In the northern Pacific, however, the territorial expansion of Britain in America reached a maximum when it settled the Canadian west coast in the early 19th century. Meanwhile, the landward expansion of the United States westward from the Mississippi river, marked signally by the Louis and Clark expedition (1804-06), was under way. This led to a series of territorial disputes with Great Britain on the west coast, and a 1818 agreement for joint occupancy of the Oregon Territory allowed for a period of tranquility but new issues arose and these were eventually settled through the Oregon Agreement of 1846 which also established the common boundary at the 49th parallel.

However, the geopolitical situation changed drastically in the late forties, after the United States won the war with Mexico (1846-1848) and obtained about 1.2 million additional square miles of new territory, incorporating the coast of California and inland all the territory eastward up to the Louisiana Purchase (1803). With great speed the United States filled in these enormous, nearly empty spaces, and by 1850 became a power to be reckoned along the Pacific coast. This fait accompli, forced the other sea powers to respond: the British sought accommodation with the United States, the French instead sought to expand their presence in the region.

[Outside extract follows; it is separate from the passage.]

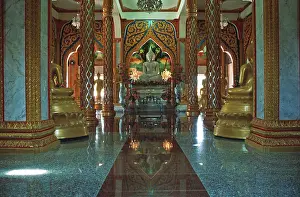Buddha statue, Wat Chalong monastery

Changes in global geopolitical interests were behind the different actions taken by Britain and France. British imperial policy had, for some time, been focused on Southern Asia, where the East India Company had, by the mid 18th century, carved out a private empire in India, a role taken over gradually by the British government over the next century. The major task of managing their empire in Asia
led Britain to concentrate on this continent, but only after reaching an agreement with the United States about their respective roles in controlling any future trans–isthmian route across Central America. The resulting Clayton-Bulwer treaty of 1850 for half a century provided Britain with a significant upper hand in dealing with United States’ ambitions in Central America, without having the expense of maintaining a major naval force in the region.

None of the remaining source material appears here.